Kehadiran ibu selama bulan-bulan pertama kehidupan anak sangat penting untuk membentuk rasa aman dan kasih sayang yang mendasar bagi perkembangan psikologis anak. Perumusan cuti maksimal enam bulan bagi ibu melahirkan merupakan langkah tepat.
Tepat karena kebijakan ini tidak hanya mendukung kesehatan fisik tetapi juga kesejahteraan mental kedua belah pihak. Para ibu dan suami berhak berbahagia dengan penetapan UU KIA ini, yang selama ini didambakan.

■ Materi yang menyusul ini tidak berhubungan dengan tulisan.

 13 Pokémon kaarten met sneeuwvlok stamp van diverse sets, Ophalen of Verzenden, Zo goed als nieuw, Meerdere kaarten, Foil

Selain ibu dan anak, penerima manfaat dari kebijakan UU ini adalah perusahaan itu sendiri. beberapa studi menunjukkan bahwa kebijakan kesejahteraan seperti ini dapat meningkatkan produktivitas dalam jangka panjang.
Ibu melahirkan yang merasa didukung oleh kebijakan perusahaan cenderung lebih loyal dan termotivasi, dan pada akhirnya dapat meningkatkan kinerja mereka ketika kembali bekerja.

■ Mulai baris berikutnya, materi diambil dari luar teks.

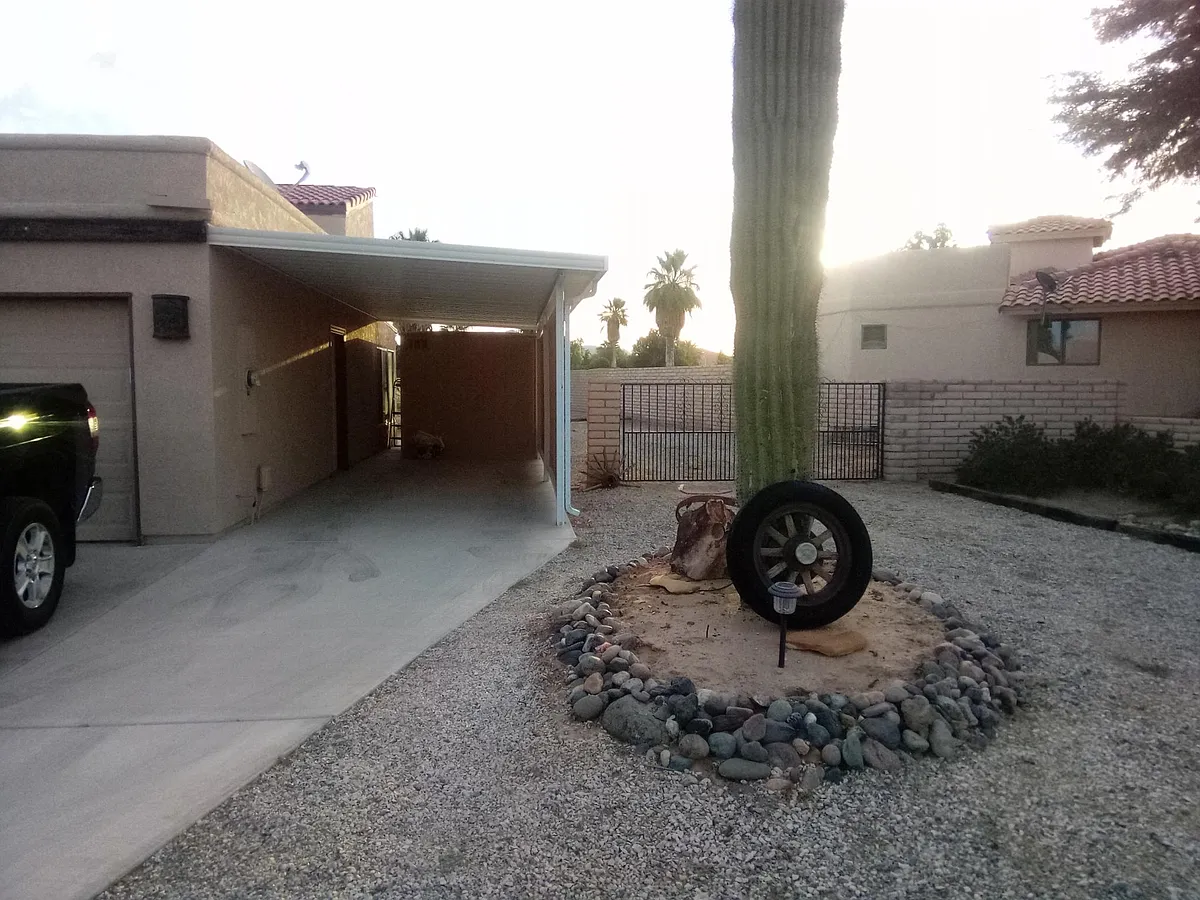 Building Photo - 10825 S Via Salida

Dengan demikian, semakin panjang cuti yang diberikan kepada ibu melahirkan, maka semakin baik kondisi kesehatan sang ibu beserta anaknya, baik secara fisik, emosional, psikologis dan sosiologisnya.

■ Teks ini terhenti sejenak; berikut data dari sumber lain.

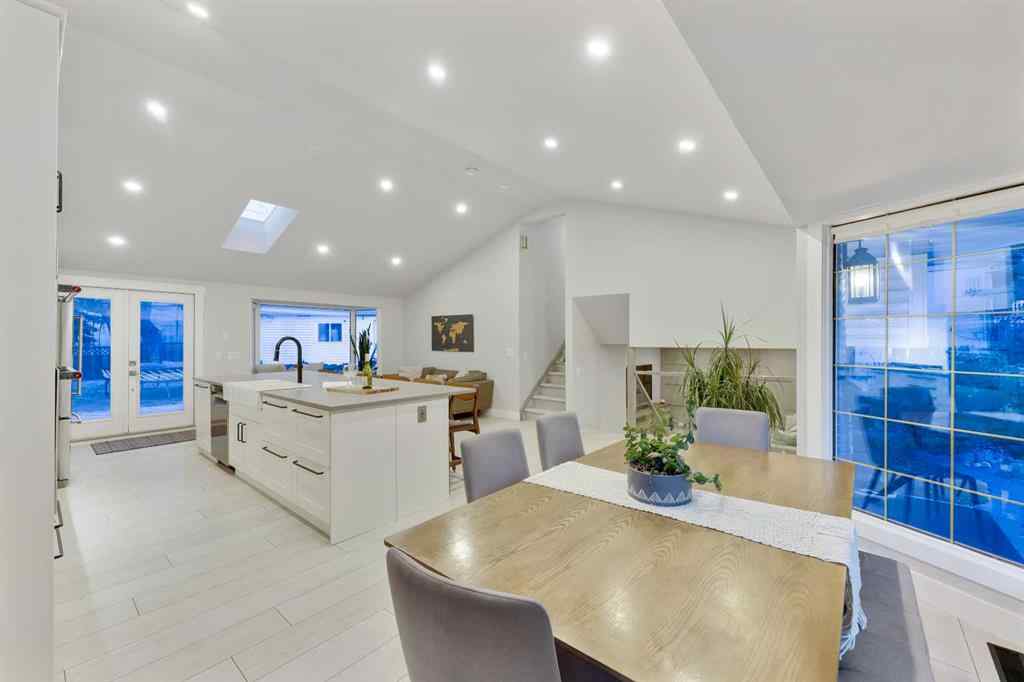 MLS® A2265164 - 3224 Conrad Drive NW in Charleswood Calgary, Residential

Begitu pula dengan perusahaan yang mempekerjakan perempuan, dengan memberikan cuti lebih panjang kepada ibu melahirkan, perusahaan dapat mempertahankan talenta terbaik mereka, sehingga mengurangi biaya perekrutan dan pelatihan karyawan baru.
Tantangan dalam Implementasi UU KIA
Beberapa pokok-pokok pengaturan dalam UU KIA pada Fase Seribu Hari Pertama Kehidupan diantaranya sebagai berikut:
Perumusan cuti bagi ibu melahirkan yaitu paling singkat 3 bulan pertama dan paling lama 3 bulan berikutnya, jika terdapat kondisi khusus yang dibuktikan dengan surat keterangan dari dokter.
Setiap ibu pekerja yang melaksanakan hak atas cuti melahirkan tidak dapat diberhentikan dari pekerjaannya, dan berhak mendapatkan upah secara penuh untuk tiga bulan pertama dan bulan keempat, serta 75 persen dari upah untuk bulan kelima dan keenam.